*Exercise prompt*: Count the lines in the entries that contain "white". Say the number and nothing more.

*** Opening Material shown ***

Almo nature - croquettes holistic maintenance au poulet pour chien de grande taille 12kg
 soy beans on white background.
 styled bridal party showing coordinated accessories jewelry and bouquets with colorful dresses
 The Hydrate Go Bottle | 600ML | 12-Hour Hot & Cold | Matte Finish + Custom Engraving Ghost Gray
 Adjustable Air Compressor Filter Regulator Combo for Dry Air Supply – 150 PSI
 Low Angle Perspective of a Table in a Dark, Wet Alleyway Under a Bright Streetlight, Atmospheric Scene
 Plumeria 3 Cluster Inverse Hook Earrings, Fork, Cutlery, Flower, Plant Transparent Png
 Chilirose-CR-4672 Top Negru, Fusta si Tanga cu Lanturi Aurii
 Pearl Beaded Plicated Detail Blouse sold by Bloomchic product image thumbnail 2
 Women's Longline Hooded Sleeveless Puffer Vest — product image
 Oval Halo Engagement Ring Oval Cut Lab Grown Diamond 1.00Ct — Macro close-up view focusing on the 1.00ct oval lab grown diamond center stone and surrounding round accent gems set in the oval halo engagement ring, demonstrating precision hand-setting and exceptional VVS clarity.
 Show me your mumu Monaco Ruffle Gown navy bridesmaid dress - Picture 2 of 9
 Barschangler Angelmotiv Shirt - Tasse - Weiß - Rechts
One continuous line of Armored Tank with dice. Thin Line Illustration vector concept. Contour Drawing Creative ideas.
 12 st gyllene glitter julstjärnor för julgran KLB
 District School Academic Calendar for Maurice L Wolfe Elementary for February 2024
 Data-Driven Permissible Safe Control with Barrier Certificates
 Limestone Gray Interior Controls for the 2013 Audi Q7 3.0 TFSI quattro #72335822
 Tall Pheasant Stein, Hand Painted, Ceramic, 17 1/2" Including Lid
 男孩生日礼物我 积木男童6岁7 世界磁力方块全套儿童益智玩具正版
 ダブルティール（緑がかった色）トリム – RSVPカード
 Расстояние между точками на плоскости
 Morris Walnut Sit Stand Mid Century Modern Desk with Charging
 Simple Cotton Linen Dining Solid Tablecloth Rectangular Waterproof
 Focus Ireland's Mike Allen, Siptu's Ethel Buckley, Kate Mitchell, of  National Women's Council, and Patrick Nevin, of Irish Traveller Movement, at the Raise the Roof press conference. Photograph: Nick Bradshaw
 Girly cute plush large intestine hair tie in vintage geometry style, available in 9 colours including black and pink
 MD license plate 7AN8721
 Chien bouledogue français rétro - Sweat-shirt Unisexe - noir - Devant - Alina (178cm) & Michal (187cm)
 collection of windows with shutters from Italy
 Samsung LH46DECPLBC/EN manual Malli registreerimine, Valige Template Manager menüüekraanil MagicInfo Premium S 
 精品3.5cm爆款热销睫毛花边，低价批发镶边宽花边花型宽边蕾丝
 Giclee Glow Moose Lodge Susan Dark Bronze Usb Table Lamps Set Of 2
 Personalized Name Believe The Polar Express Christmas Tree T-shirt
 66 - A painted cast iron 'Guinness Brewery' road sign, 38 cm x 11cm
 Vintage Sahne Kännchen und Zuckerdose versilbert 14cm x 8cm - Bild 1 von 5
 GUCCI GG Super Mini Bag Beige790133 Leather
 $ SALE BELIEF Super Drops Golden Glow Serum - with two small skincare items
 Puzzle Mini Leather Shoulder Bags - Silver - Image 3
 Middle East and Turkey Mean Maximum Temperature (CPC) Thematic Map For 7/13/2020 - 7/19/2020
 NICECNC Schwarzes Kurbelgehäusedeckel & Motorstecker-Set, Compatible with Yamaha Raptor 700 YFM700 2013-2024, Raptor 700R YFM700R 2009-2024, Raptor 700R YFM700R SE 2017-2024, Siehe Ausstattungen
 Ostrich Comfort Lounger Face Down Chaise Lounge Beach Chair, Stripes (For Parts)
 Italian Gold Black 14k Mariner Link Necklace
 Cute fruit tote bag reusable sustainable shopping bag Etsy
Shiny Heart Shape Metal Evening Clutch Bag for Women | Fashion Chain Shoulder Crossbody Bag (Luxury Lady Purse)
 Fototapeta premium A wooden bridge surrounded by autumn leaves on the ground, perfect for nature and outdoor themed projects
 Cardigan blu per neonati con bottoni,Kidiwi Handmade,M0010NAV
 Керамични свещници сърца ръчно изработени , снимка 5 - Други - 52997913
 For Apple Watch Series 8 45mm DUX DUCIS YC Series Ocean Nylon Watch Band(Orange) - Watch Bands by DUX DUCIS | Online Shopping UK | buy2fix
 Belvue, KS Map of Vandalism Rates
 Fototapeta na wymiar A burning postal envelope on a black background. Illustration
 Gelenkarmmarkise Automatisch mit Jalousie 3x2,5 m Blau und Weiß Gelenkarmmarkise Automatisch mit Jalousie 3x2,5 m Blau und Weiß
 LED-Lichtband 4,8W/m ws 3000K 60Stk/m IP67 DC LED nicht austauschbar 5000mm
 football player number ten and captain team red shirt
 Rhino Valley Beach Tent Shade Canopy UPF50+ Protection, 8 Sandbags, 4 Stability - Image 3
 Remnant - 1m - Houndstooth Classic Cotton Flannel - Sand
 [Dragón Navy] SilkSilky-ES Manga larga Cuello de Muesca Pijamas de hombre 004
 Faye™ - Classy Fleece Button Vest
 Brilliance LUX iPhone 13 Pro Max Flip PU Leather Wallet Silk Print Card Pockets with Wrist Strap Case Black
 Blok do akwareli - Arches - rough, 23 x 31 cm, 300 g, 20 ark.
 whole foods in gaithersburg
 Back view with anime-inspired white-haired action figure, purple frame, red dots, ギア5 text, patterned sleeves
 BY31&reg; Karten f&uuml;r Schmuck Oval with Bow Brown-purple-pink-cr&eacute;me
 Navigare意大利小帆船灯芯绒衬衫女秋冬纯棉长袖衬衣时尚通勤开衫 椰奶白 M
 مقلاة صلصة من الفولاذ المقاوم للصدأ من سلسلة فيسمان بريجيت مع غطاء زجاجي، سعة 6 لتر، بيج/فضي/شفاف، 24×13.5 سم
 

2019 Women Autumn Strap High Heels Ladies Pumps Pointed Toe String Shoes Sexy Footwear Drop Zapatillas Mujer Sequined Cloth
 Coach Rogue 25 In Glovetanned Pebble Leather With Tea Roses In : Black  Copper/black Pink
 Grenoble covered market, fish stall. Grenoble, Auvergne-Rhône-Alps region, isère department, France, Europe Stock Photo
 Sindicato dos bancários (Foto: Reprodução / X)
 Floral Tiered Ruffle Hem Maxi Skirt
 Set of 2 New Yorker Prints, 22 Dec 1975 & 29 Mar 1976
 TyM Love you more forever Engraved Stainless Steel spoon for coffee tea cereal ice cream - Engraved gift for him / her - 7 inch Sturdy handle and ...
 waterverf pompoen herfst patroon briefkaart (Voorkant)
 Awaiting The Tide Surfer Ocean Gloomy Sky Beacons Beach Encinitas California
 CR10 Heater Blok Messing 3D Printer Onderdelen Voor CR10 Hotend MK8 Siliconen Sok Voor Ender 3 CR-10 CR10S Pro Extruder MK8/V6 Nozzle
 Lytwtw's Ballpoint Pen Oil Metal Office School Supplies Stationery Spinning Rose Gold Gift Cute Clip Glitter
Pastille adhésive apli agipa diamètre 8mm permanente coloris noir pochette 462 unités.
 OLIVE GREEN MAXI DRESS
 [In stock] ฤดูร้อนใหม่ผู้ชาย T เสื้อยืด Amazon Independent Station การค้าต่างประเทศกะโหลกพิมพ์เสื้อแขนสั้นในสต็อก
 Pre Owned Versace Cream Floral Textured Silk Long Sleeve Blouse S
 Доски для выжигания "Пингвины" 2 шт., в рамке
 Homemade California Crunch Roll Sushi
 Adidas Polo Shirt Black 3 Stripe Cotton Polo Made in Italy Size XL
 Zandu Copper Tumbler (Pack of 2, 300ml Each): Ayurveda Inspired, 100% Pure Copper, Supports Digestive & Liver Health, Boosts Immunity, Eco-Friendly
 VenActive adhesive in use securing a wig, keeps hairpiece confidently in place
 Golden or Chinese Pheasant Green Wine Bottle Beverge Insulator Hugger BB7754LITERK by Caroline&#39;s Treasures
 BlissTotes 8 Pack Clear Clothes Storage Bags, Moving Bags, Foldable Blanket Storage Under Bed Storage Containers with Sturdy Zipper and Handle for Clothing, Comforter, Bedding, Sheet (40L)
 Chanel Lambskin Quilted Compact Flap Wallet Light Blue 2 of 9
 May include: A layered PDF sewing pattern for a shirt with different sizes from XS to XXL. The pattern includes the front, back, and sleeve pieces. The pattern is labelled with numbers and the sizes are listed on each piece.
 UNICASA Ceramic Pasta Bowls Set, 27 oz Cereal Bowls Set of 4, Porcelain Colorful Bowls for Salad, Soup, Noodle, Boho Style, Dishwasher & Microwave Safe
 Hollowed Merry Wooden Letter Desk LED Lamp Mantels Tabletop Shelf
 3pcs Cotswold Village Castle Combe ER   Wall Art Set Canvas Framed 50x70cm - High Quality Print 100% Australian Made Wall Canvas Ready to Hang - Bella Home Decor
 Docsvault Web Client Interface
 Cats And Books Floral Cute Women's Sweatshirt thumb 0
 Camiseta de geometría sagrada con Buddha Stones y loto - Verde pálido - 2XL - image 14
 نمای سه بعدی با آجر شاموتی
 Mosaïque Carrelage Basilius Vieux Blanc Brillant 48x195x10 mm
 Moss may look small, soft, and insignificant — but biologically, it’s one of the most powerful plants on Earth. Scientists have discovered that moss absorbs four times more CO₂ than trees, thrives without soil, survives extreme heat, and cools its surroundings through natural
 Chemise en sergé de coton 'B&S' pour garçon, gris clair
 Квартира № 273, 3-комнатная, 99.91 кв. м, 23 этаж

*** Closing Material shown ***

*Answer for the task*: 2